Is the way we read reviews changing in the age of social media? I think it is.
One of the main reasons I started blogging about theatre was because I didn’t want to be googling every second word to find out its meaning (as many of the major critics like to use big words)! I think a lot of people feel that way and are turning to bloggers for the everyman opinion. After all, bloggers are theatre fans and if you want to know if you are going to enjoy a show then surely that is the opinion you are seeking? Not the opinion of someone who has been paid to sit through a show they have no real interest in (I have witnessed so-called ‘proper’ critics sleeping during performances)!
I started blogging four and a half years ago. I don’t have a background in theatre, and I don’t have a degree in English, creative writing or Journalism (like a lot of bloggers do) but what I do have is a passion for going to the theatre. I started a blog because a friend told me I should give it a go for a bit of a hobby, so I did. I never thought that anyone would read my reviews on the world wide web and even if they did, surely they wouldn’t care about what I thought. To be honest I still find it funny when people comment on things I have written because I still don’t really believe anyone reads my stuff.

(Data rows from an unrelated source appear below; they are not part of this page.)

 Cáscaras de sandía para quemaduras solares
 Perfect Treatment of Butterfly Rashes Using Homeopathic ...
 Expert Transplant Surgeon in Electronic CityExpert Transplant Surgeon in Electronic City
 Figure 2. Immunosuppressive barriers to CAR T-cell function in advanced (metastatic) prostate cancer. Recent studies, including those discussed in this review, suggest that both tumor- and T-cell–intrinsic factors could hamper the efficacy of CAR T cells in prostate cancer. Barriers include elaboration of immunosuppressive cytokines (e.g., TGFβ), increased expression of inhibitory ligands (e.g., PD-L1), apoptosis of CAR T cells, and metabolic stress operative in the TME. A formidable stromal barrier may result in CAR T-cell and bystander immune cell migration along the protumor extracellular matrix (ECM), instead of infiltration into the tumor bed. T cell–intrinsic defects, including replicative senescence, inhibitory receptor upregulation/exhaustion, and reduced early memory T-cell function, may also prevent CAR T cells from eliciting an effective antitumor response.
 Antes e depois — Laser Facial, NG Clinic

I still remember the first time I got given a free ticket to review a show. I had spent months writing reviews of the shows that I had paid to go to see, so that I could build up a portfolio to show people what my writing style was like and to show them that I wasn’t just trying to get given a free ticket. Eventually I got my big break and invited to review a show. As time went by the invites started to flood my inbox!
These days, it seems to be becoming increasingly easier for people to start their own blog and secure tickets to review shows as sadly, Producers seem to favour having as many different media outlets as possible to review their shows, regardless of the quality of the blog or website.

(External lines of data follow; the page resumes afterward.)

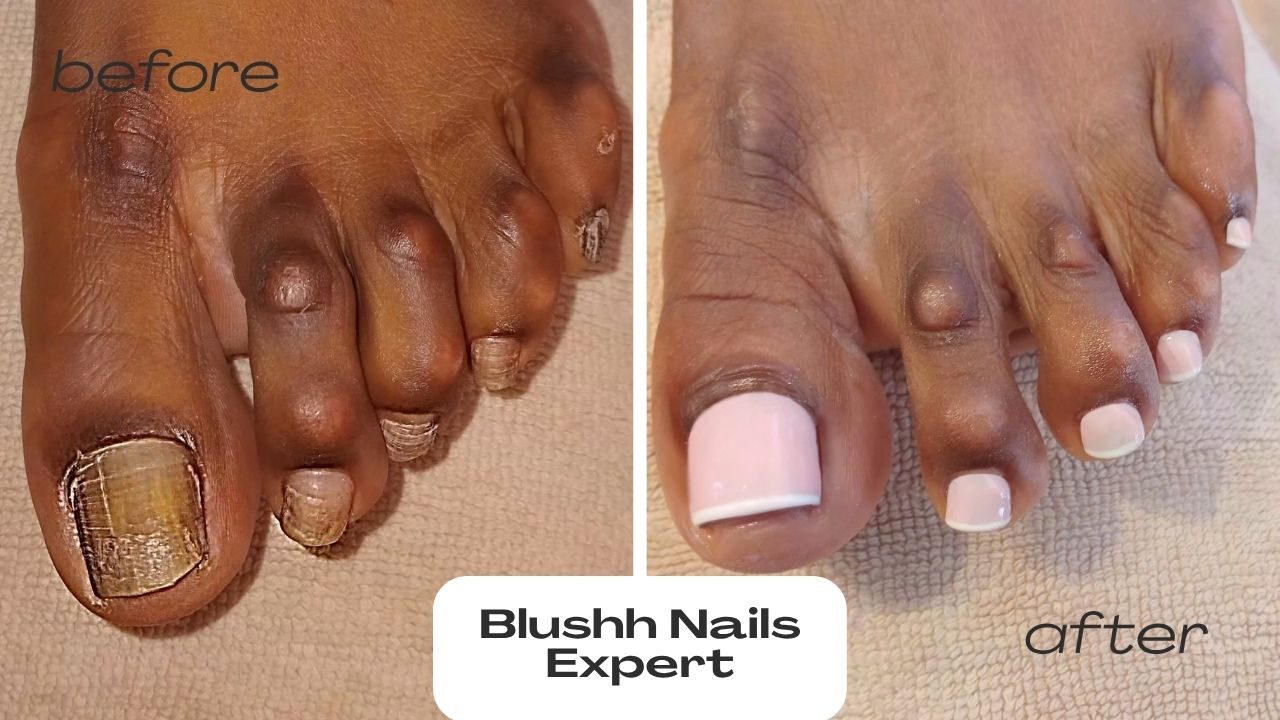 Before and after — yellow fungal nail corrected with a pink and white French pedicure
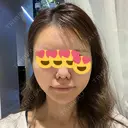 糸リフト Tokyo Tensei Clinic 銀座院 AFTER サムネイル用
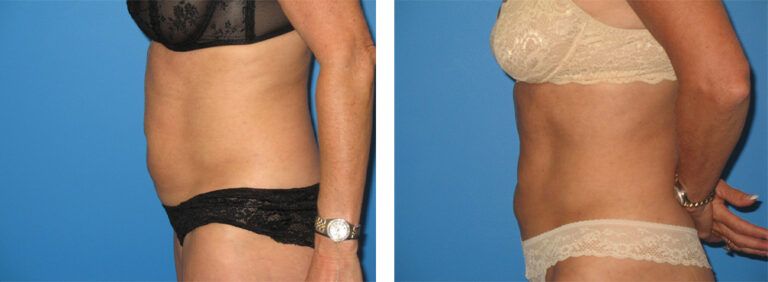 Liposuction-Case-13-3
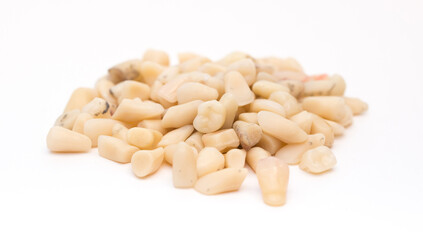 Human teeth on a white background, dentures teeth pulled out. Dentistry, orthodontist. Dentures. tooth loss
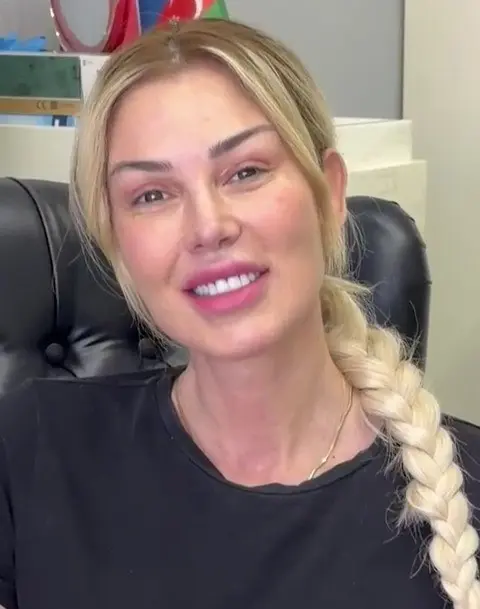 Ünlü sanatçı Petek Dinççöz’ün 8 ay önce geçirdiği estetik operasyon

I think in the case of an article published in The Stage today quoting Theatre Producer Danielle Tarento saying that the online bloggersphere are not “proper writers”, the real question we should be asking is why, if these people aren’t of a good standard, are they getting the exposure they must be for producers to even be aware of their work? I have never proclaimed to be proper writer but some people seem to like reading the things I write. If my writing was not of a good standard then I should not be invited to review shows. I think that is the crux of the matter. Why are these so-called substandard bloggers getting the air time if they aren’t any good. Is it a case of one mans trash is another mans treasure?!
Danielle is quoted as saying “There have to be some sort of rules around it, and the way you do that is if you pay people, as then it’s a job and they have to fulfil certain criteria”. Surely the rules are laid out by PR companies, vetting blogs before allocating them free tickets to see shows?
Everyone is entitled to have a blog if they want to. If it’s good and people like it then that’s great. Whether you write for a newspaper or your own little website, the only people who can dictate if it’s any good are the readers. And if they keep coming back to read more, then you can’t be doing too badly. And if you’re being invited to review shows for free then you must be doing really well because PR companies wouldn’t just invite anyone who claimed to have a blog. Would they?